Excerpted records:
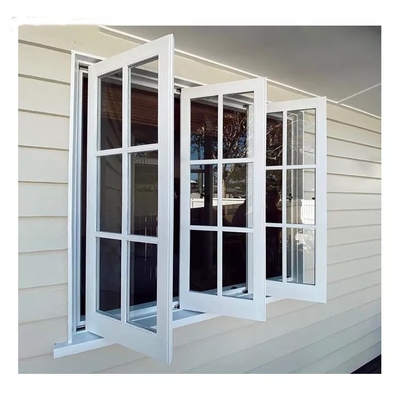 Customized Colors UPVC Casement Windows with Simulated Bars and Plastic Frame Options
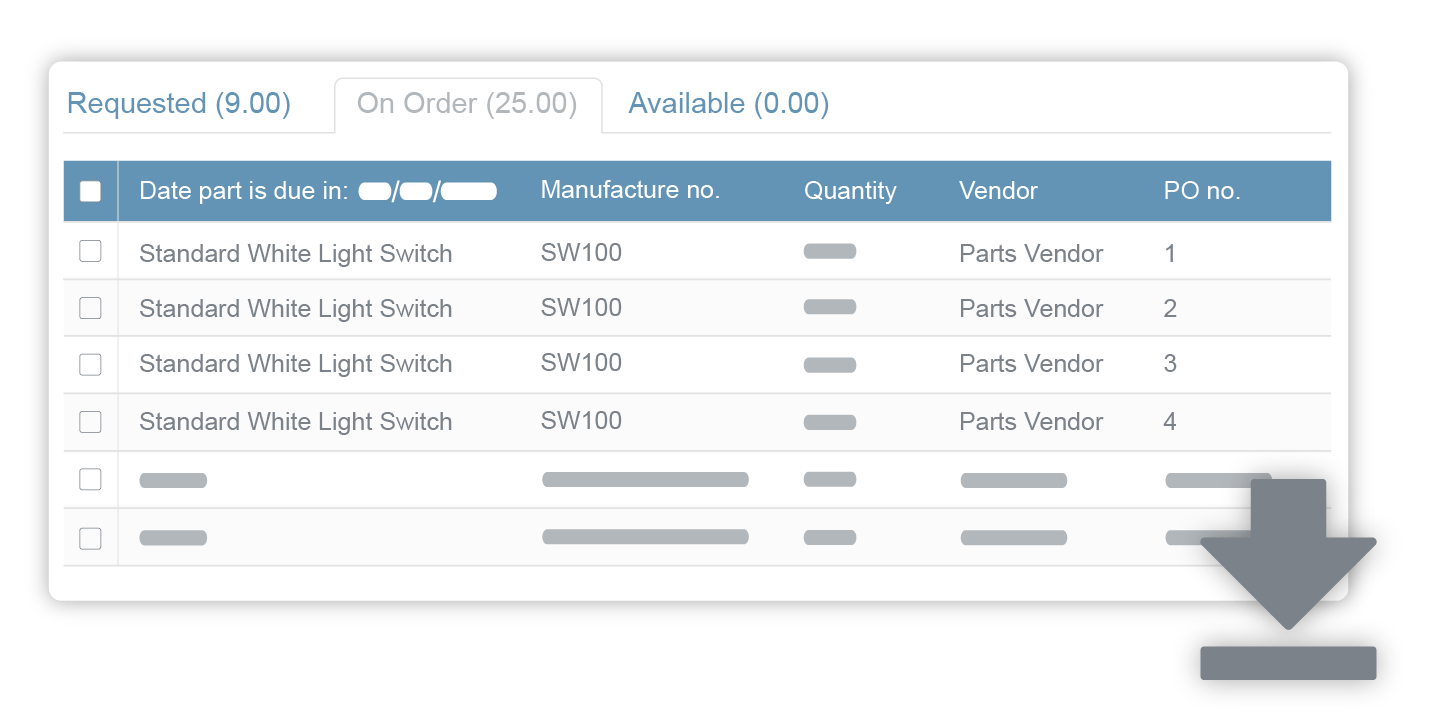 Parts management operational list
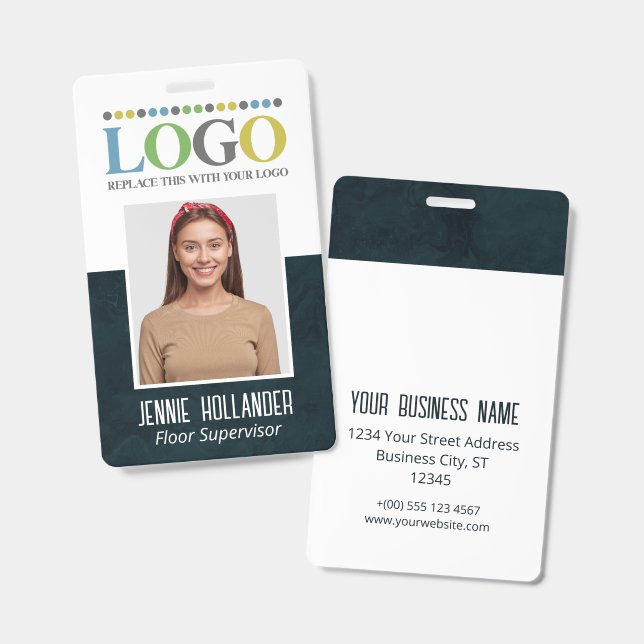 Employee ID Dark Professional Your Logo Here Badge (Front & Back)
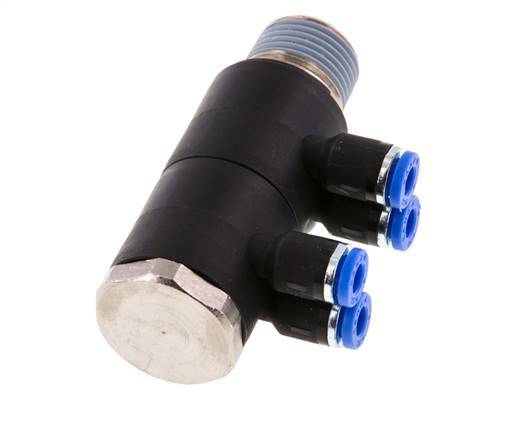 4mm x R3/8'' 4-way Manifold Push-in Fitting with Male Threads Brass/PA 66 NBR Rotatable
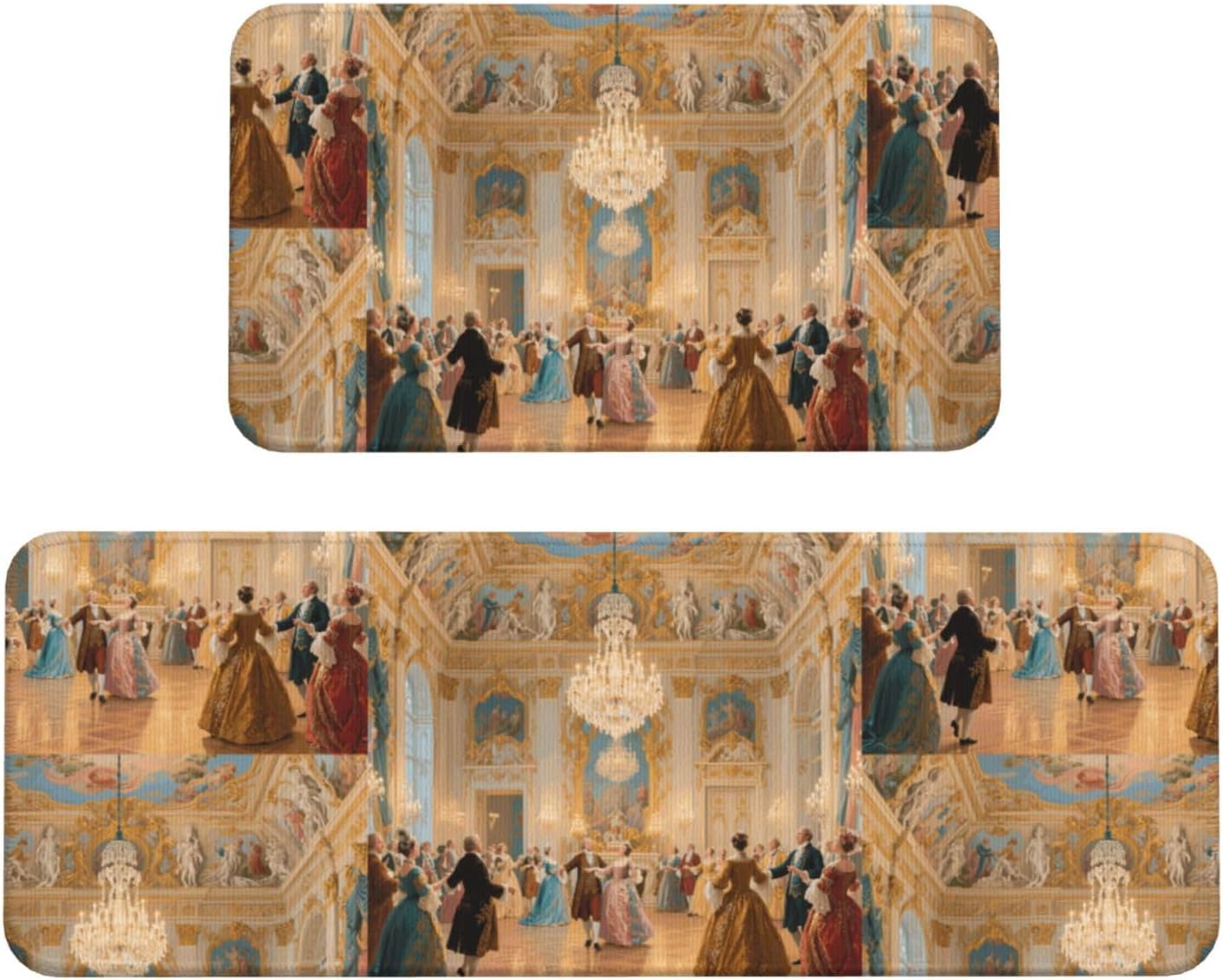 Luxurious Palace Ball Kitchen Rugs Set of 2, Cushioned Anti-Fatigue Kitchen Mats for Floor, Waterproof Comfort Standing Mat Absorbent Velvet Kitchen Runner Rugs 17"x30"+17"x47"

The task: After locating the line containing "Employee ID Dark" in the entries above, repeat only it and each later line through the end, exactly, without any pictures.

Answer for this exercise:
 Employee ID Dark Professional Your Logo Here Badge (Front & Back)
 4mm x R3/8'' 4-way Manifold Push-in Fitting with Male Threads Brass/PA 66 NBR Rotatable
 Luxurious Palace Ball Kitchen Rugs Set of 2, Cushioned Anti-Fatigue Kitchen Mats for Floor, Waterproof Comfort Standing Mat Absorbent Velvet Kitchen Runner Rugs 17"x30"+17"x47"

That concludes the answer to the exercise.